Dito e feito. Depois dessas palavras, vieram as guerras mundiais, o genocídio, o terrorismo, a corrupção no Distrito Federal. Até que seja queimada a última gota de combustível fóssil, parece não haver freios para a ganância humana, por maiores que sejam os desastres que ela acarreta.
Ou melhor: parecia não haver freios. Desde que surgiu isso a que temos chamado grosseiramente de consciência ecológica, os "indivíduos que nascem dentro da engrenagem do poderoso cosmos da ordem econômica moderna" começaram a falar em desenvolvimento sustentável, em convivência com a natureza e, mais recentemente, em combater, com boas ações, a tendência de aquecimento global. São notícias excelentes, é claro. Mais do que para o clima, são notícias excelentes para a autoestima da humanidade - o que eu digo, admito, com uma ponta de ironia. Mas - e aqui não há ironia alguma - são também notícias alentadoras para quem acredita em amadurecimento da política.
Antes da política, falemos um pouco sobre a autoestima (a ironia será mínima). A história da civilização pode ser descrita como um encadeamento de notícias péssimas, traumáticas: século a século, fomo-nos dando conta de que não somos o centro do universo, de que não fomos fabricados pelas mãos de Deus e de que não é a nossa consciência que move a História, aquela tal, com H maiúsculo. Somos joguetes do inconsciente, seres bestiais munidos de tecnologias absurdas; nosso legado se resume a uma mescla de poluição, fome, infelicidade e, pior do que tudo, irrelevância cósmica: não faz a menor diferença para o Sistema Solar se a humanidade existe ou deixa de existir. Assim, antes mesmo de a humanidade ter sido extinta, sua autoestima já estava dizimada. Foi então que, de repente, quando nada mais havia para retirar da nossa testa o selo definitivo de irrelevantes, os cientistas anunciaram que o nosso modo de vida altera em um ou dois graus a temperatura média do planeta. Eis a notícia que, se ainda não salvou o clima, reavivou a autoestima dos humanos - que se veem autorizados a crer que fazem alguma diferença, nem que seja no comportamento dos termômetros que a gente põe no jardim de casa.
Isso não quer dizer que o frenesi ecologista não passe de um espasmo do antropocentrismo mais fútil, produto da crença nada científica de que a natureza não passa de uma consequência dos nossos atos.
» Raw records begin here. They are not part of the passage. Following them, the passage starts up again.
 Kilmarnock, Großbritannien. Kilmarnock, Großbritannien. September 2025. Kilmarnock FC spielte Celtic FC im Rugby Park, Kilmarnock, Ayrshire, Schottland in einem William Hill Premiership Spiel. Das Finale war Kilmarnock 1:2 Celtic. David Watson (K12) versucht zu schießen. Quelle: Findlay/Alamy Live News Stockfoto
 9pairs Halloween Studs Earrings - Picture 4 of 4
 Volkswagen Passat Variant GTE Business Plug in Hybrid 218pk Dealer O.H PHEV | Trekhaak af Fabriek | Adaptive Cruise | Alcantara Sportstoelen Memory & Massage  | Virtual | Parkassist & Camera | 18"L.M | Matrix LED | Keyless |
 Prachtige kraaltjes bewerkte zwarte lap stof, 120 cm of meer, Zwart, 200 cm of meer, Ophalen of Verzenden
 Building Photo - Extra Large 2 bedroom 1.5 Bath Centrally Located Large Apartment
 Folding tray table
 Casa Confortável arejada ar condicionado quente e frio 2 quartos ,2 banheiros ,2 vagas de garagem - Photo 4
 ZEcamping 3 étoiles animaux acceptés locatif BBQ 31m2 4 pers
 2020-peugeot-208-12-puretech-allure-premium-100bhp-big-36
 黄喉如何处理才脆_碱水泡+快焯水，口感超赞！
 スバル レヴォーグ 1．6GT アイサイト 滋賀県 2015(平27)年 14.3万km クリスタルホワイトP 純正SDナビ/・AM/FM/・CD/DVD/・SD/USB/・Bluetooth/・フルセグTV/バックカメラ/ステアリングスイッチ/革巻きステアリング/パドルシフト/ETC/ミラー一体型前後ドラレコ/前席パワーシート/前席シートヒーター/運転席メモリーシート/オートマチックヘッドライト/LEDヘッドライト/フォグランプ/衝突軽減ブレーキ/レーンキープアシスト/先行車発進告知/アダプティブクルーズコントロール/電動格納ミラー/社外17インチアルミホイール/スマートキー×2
Esse frenesi pode ter muito disso, sem dúvida alguma, só que ele não é apenas isso. Há modismo nisso tudo. Mas há muito mais que isso.
Aqui chegamos à hipótese de que talvez esteja em curso um amadurecimento político de grande porte. Pela primeira vez, as negociações entre as nações levam em conta aspectos ambientais, que, por definição, desconhecem fronteiras políticas e ultrapassam fronteiras estritas de classes sociais, de nacionalidades, de ideários fechados e de religiões. A humanidade como categoria política nunca fez tanto sentido. O planeta como "pátria" comum deixa de ser um devaneio poético para virar uma noção prática e eficaz, manejada tanto por diplomatas como por ONGs e por estadistas. À luz desses avanços conceituais, descortina-se a possibilidade de um novo vocabulário político, orientado por valores igualmente novos. Eles não precisam ser, como muitos vêm cobrando, "científicos": basta que sejam mais humanos, com tudo o que há de impreciso no humano; basta que, em lugar da concorrência e da dominação, cultivem a convivência e a reconciliação.
Sim, a notícia é boa. Se o homem vai mesmo matar o hospedeiro, que o mate mais devagar. Para começar, está mais do que bom.